Our latest work to improve Azure Functions cold starts
Published Jun 10 2024 11:08 PM 7,730 Views
Microsoft

We continually work to improve performance and mitigate Azure Functions cold starts - the extra time it takes for a function that hasn’t been used recently to respond to an event. We understand that no matter when your functions were last called, you want fast executions and little lag time.

In this article:

  • How we measure cold start and the work done to improve it in the Azure Functions platform.
  • What you can do to optimize your functions to improve your app’s cold start performance.
  • Provide your feedback on Azure Functions cold start.

 

How we measure Azure Functions cold start

In measuring Azure Functions performance, we prioritize the cold start of synchronous HTTP triggers in the Consumption and Flex Consumption hosting plans. That means looking at what our platform and Azure Functions host need to do to execute the first HTTP trigger function on a new instance. Then we improve it. We are also working to improve cold start for asynchronous scenarios.

To assess our progress, we run sample HTTP trigger function apps that measure cold start latencies for all supported versions of Azure Functions, in all languages, for both Windows and Linux Consumption. These sample apps are deployed in all Azure regions and subregions where Azure Functions runs. Our test function calls these sample apps every few hours to trigger a true cold start and currently generates nearly 85,000 daily cold start samples. Through this testing infrastructure we observed in past 18 months a reduction on cold start latency by approximately 53 percent across all regions and for all supported languages and platforms.

If any of the tracked metrics start to regress, we’re immediately notified and start investigating. Daily emails, alerts, and historical dashboards tell us the end-to-end cold start latencies across various percentiles. We also perform specific analyses and trigger alerts if our fiftieth percentile, ninety-ninth percentile, or maximum latency numbers regress.

In addition, we collect detailed PerfView profiles of the sample apps deployed in select regions. The breakdown includes full call stacks (user mode and kernel mode) for every millisecond spent during cold start. The profiles reveal CPU usage and call stacks, context switches, disk reads, HTTP calls, memory hard faults, common language runtime (CLR) just-in-time (JIT) compiler, garbage collector (GC), type loads, and many more details about .NET internals. We report all these details in our logging pipelines and receive alerts if metrics regress. And we’re always looking for ways to make improvements based on these profiles.

 

Performance improvements in the platform

Since launching Azure Functions, we’ve improved performance across the Azure platform that it runs on, in order to achieve the observed reduction in cold starts. These enhancements extended to the shared platform with Azure App Service and the new Legion platform, the operating system, storage, .NET Core, and communication channels.

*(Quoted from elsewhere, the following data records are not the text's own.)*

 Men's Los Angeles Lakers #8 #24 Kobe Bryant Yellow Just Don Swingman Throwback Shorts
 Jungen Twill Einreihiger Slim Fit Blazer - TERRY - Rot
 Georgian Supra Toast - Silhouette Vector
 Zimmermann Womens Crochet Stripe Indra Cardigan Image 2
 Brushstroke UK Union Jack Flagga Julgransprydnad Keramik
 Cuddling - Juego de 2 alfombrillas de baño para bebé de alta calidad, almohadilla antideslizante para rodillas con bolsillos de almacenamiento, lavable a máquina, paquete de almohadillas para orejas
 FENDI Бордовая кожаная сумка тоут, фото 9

We aim to optimize for the ninety-ninth–percentile latency. We delve into cold start scenarios at the millisecond level and continually fine-tune the algorithms that allocate capacity. In short, we’re always working to improve Azure Functions cold start. The following areas are our current our focus:

  • Function app pools. In the internal architecture, we must ensure that the right number of Function app pools are warmed up and ready to handle a cold start for all supported platforms and languages. These pools serve as placeholders in effect. Exactly how many depends on the usage per region—plus enough extra capacity to meet unexpected bursts. We’re always refining our algorithms to balance the pools without increasing costs. Placeholder processes and dependencies stay hot in memory to prevent paging out.
  • Ninety-ninth–percentile latencies. Although it's relatively straightforward to optimize cold start scenarios for the fiftieth percentile, we are digging deeper to address ninety-ninth–percentile latencies, particularly when multiple VMs are involved. Each runs different processes and components and is configured with unique disk, network, and memory characteristics. It’s even harder to trace the root causes of potential ninety-ninth–percentile regressions.
  • Profilers. We use a multitude of specialized profiling tools capable of dissecting cold start scenarios at the millisecond level. We examine detailed call stacks and tracking activities at both the application and operating system levels. The PerfView and Event Tracing for Windows (ETW) providers are great at addressing issues with Windows and .NET-based apps, but we also investigate issues across platforms and languages. We also use Profile Guided Optimization (PGO) to ensure that Functions Host and dependent libraries are fully JIT compiled and ready to minimize the impact of platform code JIT compilation during actual cold start requests.
  • Histograms. If our platform detects cold starts occurring at regular intervals, we fully prewarm the instance where the function app will run to avoid cold start delays during actual execution.

 

6 things you can do now to improve cold start in Azure Functions

Here are a few strategies you can follow to further improve cold starts for your apps:

  1. Deploy your function as a .zip (compressed) package. Minimize its size by removing unneeded files and dependencies, such as debug symbols (.pdb files) and unnecessary image files.
  2. For Windows deployment, run your functions from a package file. To do this, set the WEBSITE_RUN_FROM_PACKAGE=1 app setting. If your app uses storage for storing content, deploy Azure Storage in the same region as your Azure Functions app and consider using premium storage for a faster cold start.
  3. When deploying .NET apps, publish with ReadyToRun to avoid additional costs from the JIT compiler.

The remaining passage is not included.